Ist die Telekommunikationsbranche ein Vorbild für den Energiesektor?


Das könnte gut sein. Die Stromflat wird wohl nicht morgen kommen. In Zukunft ist das aber sehr gut vorstellbar. So könnte ein Kunde für seinen Strom beispielsweise einen Euro am Tag bezahlen. Uns muss es gelingen, ein Produkt zu verkaufen und nicht die Leistung. Privatkunden haben kein Interesse an Kilowattstunden. Sie wollen, dass es warm wird, dass Licht brennt und der Fernseher läuft.

Wie wird sich dann der Markt entwickeln?


Die Zeit der Riesen ist jedenfalls vorbei. Die großen Konzerne spalten sich auf. In der Vergangenheit wollte die Branche immer alles selber machen. Zukünftig werden die Unternehmen viel mehr mit Start-ups oder Technologieschmieden kooperieren müssen.

Was heißt das für Verbund?


Wir werden wesentlich IT-lastiger werden. Integration und Steuerung sind die Themen. Nehmen Sie als Beispiel das Eco-Home, die Verbundlösung für Komfort, Sicherheit und Steuerung im smarten Zuhause. Oder unsere Kooperation mit Tado. Das intelligente Heizthermostat von Tado erkennt, wie weit ich von zu Hause entfernt bin. Nähere ich mich meinem Zuhause, fährt die Heizung hoch.

Es gibt schon viele Geräte, die man über das Handy steuern kann. In vielen Fällen ist es aber wohl auch technische Spielerei.


Das sehe ich anders. Ich spare mit der Tado-App tatsächlich Tag für Tag Energie und somit auch Geld. In dieser Richtung haben wir mehrere Ideen. Auch für die Industrie haben wir beispielsweise mit Powerpooling Lösungen. Hier werden Energieflexibilitäten in virtuelle Kraftwerke gebündelt und auf den Markt gebracht.

Ihre Auslandsaktivitäten haben Sie mit den Kraftwerksverkäufen in der Türkei und Frankreich deutlich zurückgefahren.
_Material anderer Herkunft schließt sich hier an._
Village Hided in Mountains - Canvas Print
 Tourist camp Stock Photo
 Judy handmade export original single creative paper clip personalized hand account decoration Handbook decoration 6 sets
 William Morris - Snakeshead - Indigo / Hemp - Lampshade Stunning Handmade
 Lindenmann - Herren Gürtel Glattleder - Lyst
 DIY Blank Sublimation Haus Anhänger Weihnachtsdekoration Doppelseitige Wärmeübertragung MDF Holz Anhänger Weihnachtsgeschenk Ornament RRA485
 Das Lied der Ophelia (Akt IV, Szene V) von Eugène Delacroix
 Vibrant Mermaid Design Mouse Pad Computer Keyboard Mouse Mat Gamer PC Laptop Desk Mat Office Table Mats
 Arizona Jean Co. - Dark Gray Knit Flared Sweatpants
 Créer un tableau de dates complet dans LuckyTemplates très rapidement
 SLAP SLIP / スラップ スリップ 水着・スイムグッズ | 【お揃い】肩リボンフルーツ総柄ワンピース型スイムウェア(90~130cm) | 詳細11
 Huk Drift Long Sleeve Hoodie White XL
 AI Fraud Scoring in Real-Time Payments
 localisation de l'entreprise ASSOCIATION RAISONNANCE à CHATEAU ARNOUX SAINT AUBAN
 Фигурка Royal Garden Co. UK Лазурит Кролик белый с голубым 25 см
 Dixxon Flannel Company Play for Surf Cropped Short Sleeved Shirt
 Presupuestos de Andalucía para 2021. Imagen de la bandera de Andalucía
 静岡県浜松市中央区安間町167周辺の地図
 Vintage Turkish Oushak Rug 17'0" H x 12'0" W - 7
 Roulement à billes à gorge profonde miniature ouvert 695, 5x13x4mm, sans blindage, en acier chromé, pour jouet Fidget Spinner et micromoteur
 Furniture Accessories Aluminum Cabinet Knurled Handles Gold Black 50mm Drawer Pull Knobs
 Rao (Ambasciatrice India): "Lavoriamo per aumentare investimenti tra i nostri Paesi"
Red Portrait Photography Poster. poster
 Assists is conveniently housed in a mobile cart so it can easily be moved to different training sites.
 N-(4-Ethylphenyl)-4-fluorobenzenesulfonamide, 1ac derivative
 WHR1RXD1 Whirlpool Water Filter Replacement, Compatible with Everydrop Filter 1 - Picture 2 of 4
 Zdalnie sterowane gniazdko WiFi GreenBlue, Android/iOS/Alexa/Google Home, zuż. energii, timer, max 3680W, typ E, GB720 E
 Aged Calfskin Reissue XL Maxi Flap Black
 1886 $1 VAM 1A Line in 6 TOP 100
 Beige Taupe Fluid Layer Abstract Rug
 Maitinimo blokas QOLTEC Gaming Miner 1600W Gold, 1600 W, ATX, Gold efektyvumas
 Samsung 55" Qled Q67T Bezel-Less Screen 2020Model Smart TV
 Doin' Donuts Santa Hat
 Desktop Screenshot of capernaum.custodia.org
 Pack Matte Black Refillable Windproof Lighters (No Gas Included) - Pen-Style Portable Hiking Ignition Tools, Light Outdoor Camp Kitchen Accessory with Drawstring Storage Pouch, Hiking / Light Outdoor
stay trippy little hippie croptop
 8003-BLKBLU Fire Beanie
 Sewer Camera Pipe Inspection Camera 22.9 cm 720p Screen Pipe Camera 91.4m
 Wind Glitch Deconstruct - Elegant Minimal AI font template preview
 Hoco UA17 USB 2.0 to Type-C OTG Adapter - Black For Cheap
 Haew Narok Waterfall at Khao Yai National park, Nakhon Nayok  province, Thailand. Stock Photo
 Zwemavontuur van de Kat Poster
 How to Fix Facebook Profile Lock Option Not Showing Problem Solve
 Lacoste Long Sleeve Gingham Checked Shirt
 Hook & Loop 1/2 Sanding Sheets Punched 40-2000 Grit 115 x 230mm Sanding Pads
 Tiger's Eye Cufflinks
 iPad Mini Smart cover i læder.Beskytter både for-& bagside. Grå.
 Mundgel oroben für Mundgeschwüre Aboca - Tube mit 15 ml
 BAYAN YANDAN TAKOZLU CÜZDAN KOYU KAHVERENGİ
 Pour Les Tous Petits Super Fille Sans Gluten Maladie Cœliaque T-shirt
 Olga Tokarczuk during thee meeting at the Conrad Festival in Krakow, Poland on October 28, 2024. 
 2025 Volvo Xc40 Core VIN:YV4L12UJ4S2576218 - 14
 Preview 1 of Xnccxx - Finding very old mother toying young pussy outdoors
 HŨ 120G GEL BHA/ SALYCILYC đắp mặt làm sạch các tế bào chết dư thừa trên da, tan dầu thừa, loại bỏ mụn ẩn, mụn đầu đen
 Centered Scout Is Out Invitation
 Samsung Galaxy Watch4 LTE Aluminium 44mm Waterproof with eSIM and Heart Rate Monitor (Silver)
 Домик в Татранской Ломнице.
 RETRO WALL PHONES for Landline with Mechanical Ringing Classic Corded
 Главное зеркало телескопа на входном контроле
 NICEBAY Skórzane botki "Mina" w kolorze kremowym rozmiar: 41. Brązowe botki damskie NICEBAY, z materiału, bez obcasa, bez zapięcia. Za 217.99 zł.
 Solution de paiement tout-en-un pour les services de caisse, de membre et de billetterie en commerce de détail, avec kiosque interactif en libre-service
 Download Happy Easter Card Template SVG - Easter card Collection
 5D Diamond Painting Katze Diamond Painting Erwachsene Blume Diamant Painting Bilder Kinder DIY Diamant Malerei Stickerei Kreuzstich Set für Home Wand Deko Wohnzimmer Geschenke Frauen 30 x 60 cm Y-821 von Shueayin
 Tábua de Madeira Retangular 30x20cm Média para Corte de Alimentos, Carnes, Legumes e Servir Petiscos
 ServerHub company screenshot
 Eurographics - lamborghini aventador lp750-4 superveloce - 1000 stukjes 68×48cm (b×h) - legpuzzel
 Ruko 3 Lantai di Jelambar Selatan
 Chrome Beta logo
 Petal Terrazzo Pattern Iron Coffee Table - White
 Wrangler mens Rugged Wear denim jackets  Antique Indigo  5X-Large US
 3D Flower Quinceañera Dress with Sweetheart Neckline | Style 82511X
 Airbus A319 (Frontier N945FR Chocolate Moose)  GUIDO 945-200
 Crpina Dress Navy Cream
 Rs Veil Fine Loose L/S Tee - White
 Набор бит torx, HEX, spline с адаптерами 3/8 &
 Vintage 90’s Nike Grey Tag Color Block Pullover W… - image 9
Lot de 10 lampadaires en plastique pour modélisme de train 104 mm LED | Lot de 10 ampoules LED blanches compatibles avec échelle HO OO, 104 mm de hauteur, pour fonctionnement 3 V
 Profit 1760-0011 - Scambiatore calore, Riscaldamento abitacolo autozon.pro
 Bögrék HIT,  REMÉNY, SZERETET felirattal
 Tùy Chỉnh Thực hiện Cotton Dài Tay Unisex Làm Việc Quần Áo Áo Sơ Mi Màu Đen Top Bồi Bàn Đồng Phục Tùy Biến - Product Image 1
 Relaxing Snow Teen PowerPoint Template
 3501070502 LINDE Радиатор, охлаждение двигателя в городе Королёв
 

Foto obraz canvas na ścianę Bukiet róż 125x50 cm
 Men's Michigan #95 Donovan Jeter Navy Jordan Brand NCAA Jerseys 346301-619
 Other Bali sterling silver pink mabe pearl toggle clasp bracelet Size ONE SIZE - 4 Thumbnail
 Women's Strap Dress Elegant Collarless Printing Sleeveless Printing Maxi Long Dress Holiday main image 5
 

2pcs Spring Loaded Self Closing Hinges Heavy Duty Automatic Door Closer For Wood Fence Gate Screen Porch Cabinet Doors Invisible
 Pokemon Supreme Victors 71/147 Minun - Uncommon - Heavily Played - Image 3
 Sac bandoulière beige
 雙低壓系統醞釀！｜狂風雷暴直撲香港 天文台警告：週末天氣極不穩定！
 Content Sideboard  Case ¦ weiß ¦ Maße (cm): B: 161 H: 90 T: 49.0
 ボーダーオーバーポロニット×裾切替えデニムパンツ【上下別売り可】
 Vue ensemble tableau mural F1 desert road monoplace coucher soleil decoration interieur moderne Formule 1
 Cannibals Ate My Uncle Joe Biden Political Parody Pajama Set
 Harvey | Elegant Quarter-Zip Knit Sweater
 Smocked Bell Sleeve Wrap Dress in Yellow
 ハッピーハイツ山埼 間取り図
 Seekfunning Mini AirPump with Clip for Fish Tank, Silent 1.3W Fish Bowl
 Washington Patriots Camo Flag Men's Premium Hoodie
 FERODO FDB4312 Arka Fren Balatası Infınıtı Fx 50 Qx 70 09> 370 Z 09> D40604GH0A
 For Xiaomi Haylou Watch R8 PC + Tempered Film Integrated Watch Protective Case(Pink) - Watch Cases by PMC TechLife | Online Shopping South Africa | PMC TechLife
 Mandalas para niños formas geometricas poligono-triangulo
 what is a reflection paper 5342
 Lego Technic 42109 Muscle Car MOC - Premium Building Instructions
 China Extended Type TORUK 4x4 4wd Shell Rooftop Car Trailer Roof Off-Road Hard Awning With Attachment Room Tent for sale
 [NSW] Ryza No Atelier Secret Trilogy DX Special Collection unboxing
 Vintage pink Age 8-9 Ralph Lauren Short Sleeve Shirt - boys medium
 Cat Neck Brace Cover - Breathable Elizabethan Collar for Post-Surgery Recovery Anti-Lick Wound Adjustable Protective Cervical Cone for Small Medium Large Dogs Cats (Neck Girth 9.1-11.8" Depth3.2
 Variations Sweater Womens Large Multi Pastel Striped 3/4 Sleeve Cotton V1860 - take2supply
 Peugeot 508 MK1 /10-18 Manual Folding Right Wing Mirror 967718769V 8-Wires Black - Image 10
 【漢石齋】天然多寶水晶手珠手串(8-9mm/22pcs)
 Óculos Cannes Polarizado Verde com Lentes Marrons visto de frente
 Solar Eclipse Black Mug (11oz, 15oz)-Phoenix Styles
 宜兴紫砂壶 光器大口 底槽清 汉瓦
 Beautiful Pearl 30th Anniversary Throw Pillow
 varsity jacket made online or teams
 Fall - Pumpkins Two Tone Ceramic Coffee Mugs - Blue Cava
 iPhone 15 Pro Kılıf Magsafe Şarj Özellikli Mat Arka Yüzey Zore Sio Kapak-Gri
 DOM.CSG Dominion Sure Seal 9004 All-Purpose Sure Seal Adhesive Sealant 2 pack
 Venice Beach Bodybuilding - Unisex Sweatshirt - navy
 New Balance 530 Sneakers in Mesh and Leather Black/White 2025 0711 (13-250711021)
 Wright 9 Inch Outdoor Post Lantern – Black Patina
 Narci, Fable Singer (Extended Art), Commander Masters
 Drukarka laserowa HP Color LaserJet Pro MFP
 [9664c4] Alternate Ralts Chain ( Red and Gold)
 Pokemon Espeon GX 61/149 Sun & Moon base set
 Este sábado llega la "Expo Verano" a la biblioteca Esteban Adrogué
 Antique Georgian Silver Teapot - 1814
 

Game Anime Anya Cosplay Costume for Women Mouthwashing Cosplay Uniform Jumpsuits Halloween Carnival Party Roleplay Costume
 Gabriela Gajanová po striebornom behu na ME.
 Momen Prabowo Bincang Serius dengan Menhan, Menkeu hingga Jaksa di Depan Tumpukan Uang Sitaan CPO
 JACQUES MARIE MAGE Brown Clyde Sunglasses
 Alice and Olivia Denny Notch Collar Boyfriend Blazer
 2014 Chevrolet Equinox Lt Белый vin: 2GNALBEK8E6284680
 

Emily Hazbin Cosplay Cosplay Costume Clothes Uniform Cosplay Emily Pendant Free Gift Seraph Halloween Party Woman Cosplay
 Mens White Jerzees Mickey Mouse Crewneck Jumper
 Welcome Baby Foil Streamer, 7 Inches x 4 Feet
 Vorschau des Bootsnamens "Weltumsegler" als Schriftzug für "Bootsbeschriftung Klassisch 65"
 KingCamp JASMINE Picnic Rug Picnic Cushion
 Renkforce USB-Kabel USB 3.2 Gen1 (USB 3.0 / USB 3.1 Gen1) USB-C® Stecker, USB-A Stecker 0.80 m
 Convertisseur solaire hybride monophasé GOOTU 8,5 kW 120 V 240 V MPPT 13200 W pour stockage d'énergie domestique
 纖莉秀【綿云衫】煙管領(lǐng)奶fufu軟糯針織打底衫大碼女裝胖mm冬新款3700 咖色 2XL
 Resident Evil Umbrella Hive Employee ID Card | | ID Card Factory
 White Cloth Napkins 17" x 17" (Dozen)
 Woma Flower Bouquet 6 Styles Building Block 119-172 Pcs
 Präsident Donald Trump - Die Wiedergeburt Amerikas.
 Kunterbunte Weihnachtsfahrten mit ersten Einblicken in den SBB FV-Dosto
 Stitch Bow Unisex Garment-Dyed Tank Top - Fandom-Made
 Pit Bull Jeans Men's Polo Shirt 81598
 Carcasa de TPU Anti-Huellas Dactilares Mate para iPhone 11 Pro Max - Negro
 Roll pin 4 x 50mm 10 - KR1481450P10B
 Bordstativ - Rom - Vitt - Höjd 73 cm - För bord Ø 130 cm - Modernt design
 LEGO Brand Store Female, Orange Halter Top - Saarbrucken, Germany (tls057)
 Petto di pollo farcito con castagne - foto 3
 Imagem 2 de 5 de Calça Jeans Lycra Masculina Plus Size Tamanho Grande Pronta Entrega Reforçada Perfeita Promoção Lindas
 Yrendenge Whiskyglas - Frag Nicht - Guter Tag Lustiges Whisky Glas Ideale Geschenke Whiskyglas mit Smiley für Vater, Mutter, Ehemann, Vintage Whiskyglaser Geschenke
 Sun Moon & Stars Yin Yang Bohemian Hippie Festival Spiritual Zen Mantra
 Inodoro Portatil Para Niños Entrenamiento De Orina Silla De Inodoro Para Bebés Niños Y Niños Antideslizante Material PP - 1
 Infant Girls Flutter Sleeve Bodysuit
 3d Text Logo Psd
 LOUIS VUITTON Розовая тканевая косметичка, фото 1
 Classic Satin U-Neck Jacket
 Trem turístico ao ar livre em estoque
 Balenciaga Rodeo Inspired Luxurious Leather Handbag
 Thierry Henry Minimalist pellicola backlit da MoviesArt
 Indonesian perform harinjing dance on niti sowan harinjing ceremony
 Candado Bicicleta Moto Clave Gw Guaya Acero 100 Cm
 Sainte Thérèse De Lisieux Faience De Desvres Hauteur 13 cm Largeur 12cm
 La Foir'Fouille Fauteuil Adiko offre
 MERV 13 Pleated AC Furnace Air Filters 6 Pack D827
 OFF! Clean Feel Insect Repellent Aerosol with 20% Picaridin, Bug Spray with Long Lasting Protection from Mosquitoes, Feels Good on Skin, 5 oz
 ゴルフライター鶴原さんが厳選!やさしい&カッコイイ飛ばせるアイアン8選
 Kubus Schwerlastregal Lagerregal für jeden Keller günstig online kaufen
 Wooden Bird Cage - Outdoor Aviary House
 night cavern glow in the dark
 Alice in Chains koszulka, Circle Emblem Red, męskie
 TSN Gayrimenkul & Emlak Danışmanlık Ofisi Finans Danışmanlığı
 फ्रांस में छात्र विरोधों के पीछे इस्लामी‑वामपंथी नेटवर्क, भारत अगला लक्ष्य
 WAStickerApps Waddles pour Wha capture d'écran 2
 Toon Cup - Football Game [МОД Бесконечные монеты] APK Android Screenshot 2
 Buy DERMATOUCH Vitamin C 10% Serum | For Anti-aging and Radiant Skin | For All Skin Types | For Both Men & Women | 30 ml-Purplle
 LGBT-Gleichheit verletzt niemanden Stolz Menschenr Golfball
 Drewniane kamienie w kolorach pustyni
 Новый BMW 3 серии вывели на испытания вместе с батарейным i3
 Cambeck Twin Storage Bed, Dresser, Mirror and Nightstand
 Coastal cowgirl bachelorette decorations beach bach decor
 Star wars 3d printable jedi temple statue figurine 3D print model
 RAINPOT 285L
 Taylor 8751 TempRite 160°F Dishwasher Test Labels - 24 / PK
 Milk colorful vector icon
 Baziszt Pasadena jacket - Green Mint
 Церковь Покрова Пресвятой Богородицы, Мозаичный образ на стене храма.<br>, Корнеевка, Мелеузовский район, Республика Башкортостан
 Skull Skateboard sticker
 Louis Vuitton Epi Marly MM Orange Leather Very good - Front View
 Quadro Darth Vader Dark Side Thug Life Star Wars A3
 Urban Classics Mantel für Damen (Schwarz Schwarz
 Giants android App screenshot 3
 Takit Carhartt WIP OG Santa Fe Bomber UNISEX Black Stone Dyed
Wollen Sie noch im Ausland expandieren?


Auf jeden Fall. Wir müssen aber realistisch bleiben. Verbund hat nicht die Größe, um überall im Ausland zu expandieren. Unsere Zielregion sind die Alpenländer. Vor allem in Deutschland sehen wir durchaus Potenzial. Aktuell können Privatkunden in der bayerischen Inn-Region bereits Strom bei uns kaufen. Da läuft gerade die Testphase an. Viele unserer Energiedienstleistungen bieten wir bereits in ganz Deutschland an. Beim Thema energienahe Dienstleistungen setzen wir auch ganz stark auf Kooperationen. Wir haben ein vielversprechendes Joint Venture im Contracting-Bereich mit der Firma Getec. Zusätzlich haben wir uns an Solavolta, einem österreichischen Photovoltaik-Unternehmen, beteiligt und vertreiben im Bereich der Stromspeicherung die Tesla Energy Powerwall. Sie können somit alle Produkte aus einer Hand bei Verbund beziehen.

Welche finanziellen Vorteile soll das letztendlich haben?


Der Vorteil des Dienstleistungsprogramms ist, dass keine hohen Investitionen damit verbunden sind. Das ist nicht mit einem Kraftwerksbau zu vergleichen. Dienstleistungen sind bei Weitem nicht so kapitalintensiv. Deshalb sind die Renditen deutlich höher.